From 2011 to 2016, the largest increase in liabilities is expected in the Financial Portfolio, increasing from $120.7 billion to $132.5 billion. Rising core Crown borrowing, issued by the NZDMO, is the main driver. However, the majority of this is expected before the 2014/15 return to surplus, with borrowings remaining largely flat in the last two years of the forecast. Liabilities in relation to the Canterbury earthquakes, held by both the Earthquake Commission and Southern Response Earthquake Services Limited, are expected to peak in 2012/13 before declining as these claims continue to be paid out.

Commercial liabilities are also expected to increase, from $27.2 billion to $37.5 billion.
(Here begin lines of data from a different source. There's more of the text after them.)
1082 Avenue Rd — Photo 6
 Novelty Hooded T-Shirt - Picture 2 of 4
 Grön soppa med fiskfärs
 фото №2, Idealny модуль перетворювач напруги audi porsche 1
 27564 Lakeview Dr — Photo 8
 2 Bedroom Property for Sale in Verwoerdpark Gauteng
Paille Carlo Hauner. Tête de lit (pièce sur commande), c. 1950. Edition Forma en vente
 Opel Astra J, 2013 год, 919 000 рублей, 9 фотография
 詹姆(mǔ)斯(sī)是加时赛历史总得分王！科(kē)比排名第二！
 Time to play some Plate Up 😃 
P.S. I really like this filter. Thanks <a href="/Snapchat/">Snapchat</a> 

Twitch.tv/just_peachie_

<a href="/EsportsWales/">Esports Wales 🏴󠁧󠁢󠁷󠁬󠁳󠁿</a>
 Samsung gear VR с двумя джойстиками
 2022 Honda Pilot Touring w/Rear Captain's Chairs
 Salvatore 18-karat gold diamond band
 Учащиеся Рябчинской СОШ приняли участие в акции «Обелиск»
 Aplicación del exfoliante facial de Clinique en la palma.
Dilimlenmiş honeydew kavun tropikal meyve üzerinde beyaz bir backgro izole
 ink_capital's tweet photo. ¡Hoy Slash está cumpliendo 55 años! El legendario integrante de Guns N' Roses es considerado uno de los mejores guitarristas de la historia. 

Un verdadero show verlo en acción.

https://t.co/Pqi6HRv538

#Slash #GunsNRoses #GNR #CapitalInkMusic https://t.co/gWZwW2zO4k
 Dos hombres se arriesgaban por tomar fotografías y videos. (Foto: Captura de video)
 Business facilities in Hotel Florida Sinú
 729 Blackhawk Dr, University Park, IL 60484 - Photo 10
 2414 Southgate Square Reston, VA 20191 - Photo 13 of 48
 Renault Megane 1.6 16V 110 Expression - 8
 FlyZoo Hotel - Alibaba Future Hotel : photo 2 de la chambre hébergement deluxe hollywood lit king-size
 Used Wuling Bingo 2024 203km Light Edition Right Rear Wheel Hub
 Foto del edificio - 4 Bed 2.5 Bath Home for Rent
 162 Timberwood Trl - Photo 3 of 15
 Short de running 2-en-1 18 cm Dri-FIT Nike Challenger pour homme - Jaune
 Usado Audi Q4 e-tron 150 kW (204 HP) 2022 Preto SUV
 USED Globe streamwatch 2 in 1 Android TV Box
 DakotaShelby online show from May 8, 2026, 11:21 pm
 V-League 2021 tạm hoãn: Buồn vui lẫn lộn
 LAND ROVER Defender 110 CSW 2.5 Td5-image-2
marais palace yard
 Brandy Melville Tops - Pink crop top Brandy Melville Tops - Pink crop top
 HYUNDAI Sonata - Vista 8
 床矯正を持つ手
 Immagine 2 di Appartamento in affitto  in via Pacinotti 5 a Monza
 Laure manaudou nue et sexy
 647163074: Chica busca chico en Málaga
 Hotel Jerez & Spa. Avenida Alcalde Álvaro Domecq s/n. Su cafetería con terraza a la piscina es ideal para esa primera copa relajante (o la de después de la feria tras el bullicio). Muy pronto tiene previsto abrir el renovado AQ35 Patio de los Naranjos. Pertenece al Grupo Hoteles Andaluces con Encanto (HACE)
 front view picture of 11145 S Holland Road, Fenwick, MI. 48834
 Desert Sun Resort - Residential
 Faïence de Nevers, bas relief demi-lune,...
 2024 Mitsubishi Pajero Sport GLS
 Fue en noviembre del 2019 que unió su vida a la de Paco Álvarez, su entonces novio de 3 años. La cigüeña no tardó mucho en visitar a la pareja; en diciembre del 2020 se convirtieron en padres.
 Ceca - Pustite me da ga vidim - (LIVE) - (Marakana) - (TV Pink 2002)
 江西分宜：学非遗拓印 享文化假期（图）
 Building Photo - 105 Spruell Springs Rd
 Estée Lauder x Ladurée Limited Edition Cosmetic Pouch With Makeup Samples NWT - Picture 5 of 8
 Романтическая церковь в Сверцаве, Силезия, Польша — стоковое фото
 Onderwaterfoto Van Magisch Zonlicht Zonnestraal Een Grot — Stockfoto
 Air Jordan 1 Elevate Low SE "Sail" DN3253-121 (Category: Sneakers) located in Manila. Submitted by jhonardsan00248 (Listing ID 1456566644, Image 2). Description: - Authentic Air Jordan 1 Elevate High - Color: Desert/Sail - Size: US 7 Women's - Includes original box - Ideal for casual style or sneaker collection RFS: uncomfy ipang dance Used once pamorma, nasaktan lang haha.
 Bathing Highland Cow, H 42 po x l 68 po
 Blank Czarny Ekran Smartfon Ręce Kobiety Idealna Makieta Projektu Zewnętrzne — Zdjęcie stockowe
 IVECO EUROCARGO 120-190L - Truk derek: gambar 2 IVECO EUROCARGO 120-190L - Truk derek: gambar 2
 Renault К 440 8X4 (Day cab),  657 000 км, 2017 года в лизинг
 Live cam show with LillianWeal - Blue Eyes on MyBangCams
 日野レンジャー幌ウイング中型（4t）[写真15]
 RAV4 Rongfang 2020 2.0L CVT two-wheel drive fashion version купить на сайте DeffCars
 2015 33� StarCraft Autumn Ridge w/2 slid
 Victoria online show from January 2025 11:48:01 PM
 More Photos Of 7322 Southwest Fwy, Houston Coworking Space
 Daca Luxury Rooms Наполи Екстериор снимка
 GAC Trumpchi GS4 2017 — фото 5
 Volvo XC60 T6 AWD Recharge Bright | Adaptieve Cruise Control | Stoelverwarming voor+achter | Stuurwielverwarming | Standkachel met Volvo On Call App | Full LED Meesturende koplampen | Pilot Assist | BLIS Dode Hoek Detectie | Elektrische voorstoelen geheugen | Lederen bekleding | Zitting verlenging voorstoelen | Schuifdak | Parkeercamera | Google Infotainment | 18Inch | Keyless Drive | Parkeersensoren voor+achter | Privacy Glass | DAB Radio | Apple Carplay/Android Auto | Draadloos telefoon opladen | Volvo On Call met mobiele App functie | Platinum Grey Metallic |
Of this, $7.1 billion is from forecast growth in Kiwibank deposits with most of the remainder driven by higher borrowings being carried out by other SOEs.

Social liabilities are expected to reduce by $1.4 billion, owing largely to earthquake provisions relating to Christchurch's reconstruction held by the Department of Internal Affairs and the Canterbury Earthquake Reconstruction Authority being paid out.


  • [8]The ‘Social Portfolio’ consists of the assets and liabilities held primarily to provide public services or to protect assets for future generations; the ”Financial Portfolio” reflects assets and liabilities held by the Crown to finance or pre-fund government expenditure; while the Crown’s ”Commercial Portfolio” consists of the portfolio of companies held with purely commercial objectives. For more details, see the Investment Statement of the Government of New Zealand 2010 on the Treasury website
  • [9]For more details on the balance sheet impacts of the Government’s partial sale of shares in five companies see page 42.